A friend who is a painter recently did a piece
called SALT in which she took a canvas
and tied it to a rock in the Pacific Ocean.
Three weeks later she went back to retrieve it,
but the rope had broken and the canvas was gone.
So she did another piece called SALT in which
she tied a canvas to a rock in the ocean
with stronger rope and left it for three weeks.
This time when she went back, the rope remained
on the rock but the canvas was once again gone.
So she did a third piece called SALT in which
she bolted a canvas to a rock in the ocean
using industrial-strength stonemason's tools.

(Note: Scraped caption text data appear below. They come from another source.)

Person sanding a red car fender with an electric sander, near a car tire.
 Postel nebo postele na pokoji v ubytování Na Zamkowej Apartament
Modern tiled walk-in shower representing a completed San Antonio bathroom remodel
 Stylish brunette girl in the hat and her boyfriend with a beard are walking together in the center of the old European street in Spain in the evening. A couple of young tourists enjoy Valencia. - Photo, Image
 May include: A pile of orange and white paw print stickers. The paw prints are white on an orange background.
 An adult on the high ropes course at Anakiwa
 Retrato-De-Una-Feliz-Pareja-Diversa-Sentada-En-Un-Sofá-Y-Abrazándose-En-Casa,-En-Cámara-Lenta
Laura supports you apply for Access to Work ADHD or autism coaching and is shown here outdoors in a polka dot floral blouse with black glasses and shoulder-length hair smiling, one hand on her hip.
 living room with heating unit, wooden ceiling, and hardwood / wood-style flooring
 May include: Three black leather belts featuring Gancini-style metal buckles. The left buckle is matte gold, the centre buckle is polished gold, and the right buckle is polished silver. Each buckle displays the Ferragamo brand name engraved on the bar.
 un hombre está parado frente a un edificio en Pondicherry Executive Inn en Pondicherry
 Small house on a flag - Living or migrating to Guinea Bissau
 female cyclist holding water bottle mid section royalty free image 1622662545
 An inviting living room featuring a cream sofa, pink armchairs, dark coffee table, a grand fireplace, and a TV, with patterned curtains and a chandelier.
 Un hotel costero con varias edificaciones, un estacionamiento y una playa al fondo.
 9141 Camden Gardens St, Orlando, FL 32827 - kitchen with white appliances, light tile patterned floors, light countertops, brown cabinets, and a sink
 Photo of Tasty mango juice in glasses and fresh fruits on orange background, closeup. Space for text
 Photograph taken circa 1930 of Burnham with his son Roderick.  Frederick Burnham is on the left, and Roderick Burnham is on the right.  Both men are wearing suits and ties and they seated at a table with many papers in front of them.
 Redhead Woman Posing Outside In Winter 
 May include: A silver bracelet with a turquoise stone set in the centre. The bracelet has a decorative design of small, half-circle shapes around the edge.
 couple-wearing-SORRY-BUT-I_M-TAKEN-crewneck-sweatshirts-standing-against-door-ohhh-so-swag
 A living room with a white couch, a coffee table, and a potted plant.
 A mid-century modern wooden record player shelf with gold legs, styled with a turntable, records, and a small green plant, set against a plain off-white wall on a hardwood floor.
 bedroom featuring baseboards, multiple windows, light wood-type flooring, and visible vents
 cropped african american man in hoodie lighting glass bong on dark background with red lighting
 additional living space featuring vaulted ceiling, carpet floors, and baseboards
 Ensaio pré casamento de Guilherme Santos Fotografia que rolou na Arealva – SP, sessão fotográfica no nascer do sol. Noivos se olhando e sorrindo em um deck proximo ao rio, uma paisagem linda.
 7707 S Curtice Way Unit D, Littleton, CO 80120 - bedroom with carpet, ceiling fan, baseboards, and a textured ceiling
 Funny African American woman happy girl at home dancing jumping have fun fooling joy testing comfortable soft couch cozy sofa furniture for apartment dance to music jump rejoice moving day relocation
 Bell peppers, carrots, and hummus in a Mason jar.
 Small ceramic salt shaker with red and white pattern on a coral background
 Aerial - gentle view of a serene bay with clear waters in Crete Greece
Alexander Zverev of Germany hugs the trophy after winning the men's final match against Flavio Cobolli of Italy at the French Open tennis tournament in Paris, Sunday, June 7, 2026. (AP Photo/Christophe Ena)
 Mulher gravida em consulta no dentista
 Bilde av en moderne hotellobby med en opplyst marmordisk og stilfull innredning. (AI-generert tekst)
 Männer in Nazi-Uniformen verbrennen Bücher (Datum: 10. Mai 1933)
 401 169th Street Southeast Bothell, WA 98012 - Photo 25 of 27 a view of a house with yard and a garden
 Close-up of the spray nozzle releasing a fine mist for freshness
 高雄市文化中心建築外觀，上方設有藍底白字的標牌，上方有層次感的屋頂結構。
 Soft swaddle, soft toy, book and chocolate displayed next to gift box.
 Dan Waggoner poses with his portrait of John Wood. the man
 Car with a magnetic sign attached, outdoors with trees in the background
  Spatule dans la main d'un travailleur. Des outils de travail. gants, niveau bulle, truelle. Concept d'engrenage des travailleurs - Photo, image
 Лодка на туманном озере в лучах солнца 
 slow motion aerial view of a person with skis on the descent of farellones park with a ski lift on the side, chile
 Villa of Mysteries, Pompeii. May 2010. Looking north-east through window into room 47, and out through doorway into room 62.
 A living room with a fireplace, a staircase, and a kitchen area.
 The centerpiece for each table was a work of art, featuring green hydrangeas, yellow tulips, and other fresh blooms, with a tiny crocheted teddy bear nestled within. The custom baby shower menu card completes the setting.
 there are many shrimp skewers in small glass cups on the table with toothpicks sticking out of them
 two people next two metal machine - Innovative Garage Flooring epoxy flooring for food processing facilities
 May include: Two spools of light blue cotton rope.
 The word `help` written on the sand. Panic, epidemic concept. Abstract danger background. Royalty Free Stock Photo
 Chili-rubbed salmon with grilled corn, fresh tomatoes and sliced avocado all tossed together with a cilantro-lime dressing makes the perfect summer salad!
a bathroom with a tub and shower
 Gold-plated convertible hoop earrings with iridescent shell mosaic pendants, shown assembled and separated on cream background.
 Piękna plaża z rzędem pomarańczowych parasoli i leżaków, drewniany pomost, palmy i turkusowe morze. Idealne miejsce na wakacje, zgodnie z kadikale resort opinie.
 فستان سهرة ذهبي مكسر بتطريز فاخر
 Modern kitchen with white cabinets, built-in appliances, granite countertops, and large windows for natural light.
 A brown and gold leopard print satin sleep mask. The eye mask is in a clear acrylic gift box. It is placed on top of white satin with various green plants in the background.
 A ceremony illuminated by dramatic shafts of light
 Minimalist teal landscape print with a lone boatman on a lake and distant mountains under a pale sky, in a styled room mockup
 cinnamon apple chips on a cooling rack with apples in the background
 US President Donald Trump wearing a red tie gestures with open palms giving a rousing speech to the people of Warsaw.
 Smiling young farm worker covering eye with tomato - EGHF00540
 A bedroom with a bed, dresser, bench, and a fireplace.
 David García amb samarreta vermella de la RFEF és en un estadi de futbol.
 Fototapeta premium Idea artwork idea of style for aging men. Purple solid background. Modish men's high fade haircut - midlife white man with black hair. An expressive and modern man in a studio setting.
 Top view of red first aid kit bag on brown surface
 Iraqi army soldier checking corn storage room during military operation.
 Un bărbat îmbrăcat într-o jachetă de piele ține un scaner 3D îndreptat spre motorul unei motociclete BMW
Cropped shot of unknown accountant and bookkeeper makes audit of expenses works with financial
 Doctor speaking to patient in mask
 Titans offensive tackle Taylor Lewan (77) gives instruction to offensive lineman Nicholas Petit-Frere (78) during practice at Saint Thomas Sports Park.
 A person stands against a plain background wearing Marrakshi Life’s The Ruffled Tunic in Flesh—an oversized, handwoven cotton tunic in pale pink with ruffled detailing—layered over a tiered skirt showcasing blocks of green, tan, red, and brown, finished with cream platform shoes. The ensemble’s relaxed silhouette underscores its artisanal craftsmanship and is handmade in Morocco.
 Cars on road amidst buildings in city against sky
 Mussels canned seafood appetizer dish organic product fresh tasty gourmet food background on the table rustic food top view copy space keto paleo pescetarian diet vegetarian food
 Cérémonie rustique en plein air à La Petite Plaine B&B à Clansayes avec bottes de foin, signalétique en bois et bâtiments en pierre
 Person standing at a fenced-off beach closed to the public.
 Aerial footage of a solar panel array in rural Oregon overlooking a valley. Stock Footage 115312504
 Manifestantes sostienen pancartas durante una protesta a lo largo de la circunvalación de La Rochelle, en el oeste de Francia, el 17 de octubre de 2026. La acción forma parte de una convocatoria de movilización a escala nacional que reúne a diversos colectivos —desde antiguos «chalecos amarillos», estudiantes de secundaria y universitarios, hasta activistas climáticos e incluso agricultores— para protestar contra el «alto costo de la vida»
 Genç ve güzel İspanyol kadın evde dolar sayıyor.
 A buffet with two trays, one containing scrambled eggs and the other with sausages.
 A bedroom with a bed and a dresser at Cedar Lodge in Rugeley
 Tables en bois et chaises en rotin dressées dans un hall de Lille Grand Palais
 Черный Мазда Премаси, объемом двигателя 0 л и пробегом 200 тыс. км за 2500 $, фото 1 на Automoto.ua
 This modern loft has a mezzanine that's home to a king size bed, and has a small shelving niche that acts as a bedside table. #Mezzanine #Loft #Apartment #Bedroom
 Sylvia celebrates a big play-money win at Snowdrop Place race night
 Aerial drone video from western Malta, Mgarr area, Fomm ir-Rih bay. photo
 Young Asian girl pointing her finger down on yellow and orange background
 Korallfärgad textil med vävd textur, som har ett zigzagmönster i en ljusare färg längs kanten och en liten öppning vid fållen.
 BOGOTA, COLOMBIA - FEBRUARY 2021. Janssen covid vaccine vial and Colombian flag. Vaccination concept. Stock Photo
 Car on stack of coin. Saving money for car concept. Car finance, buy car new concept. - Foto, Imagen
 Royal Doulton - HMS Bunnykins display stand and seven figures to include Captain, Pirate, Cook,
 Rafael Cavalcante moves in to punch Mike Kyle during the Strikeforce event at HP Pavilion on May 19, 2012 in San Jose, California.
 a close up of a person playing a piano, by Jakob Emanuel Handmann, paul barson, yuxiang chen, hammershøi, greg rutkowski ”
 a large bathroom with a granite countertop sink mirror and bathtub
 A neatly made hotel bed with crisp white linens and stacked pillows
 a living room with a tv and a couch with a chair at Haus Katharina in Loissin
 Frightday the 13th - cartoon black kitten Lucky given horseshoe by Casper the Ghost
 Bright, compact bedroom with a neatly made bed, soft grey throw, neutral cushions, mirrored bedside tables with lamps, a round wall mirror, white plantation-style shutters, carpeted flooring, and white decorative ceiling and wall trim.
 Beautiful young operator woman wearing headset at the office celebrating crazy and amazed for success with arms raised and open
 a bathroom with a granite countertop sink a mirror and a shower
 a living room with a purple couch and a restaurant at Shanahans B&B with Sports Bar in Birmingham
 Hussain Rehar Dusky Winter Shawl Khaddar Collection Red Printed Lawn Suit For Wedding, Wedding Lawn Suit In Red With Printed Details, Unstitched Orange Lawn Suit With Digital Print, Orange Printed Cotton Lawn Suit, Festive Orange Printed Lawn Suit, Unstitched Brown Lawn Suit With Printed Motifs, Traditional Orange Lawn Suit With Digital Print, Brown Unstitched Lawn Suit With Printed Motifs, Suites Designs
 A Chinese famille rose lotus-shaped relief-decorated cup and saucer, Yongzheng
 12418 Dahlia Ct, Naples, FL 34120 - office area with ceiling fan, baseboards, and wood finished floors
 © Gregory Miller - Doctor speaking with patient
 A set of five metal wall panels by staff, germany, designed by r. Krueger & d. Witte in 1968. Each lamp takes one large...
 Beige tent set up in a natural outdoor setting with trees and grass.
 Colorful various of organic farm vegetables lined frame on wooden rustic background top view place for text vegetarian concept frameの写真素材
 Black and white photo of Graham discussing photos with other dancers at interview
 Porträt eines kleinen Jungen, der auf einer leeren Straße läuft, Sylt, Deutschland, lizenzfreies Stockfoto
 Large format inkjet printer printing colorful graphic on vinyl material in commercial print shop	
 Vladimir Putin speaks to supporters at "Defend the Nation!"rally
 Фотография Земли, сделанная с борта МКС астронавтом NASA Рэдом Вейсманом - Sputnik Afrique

Three weeks later, she went to retrieve it
but the canvas had torn free and only the wooden
frame remained, fastened to the rock;
this is what she displayed, retitled SOLD.
Several weeks later, in Japan, a painter showed
three torn pieces of blank canvas that had washed
ashore over a period of nine weeks and which
he called SILT. This poem is a literal translation
of a poem by a friend of the Japanese painter
who wrote about this process and what it might mean.